→ **INSTRUCTIONS FOR THE TASK**:
Go over the entries below line by line, copying each one that contains the word "this".

→ **DATA TO USE**:

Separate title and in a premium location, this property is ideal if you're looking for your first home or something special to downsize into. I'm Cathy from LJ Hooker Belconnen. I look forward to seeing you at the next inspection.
---
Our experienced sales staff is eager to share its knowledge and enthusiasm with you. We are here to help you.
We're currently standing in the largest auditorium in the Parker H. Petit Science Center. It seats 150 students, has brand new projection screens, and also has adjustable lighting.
* * *
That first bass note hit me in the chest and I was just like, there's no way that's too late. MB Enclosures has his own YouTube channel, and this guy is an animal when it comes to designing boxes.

→ **REPLY TO THE EXERCISE**:
Separate title and in a premium location, this property is ideal if you're looking for your first home or something special to downsize into. I'm Cathy from LJ Hooker Belconnen. I look forward to seeing you at the next inspection.
That first bass note hit me in the chest and I was just like, there's no way that's too late. MB Enclosures has his own YouTube channel, and this guy is an animal when it comes to designing boxes.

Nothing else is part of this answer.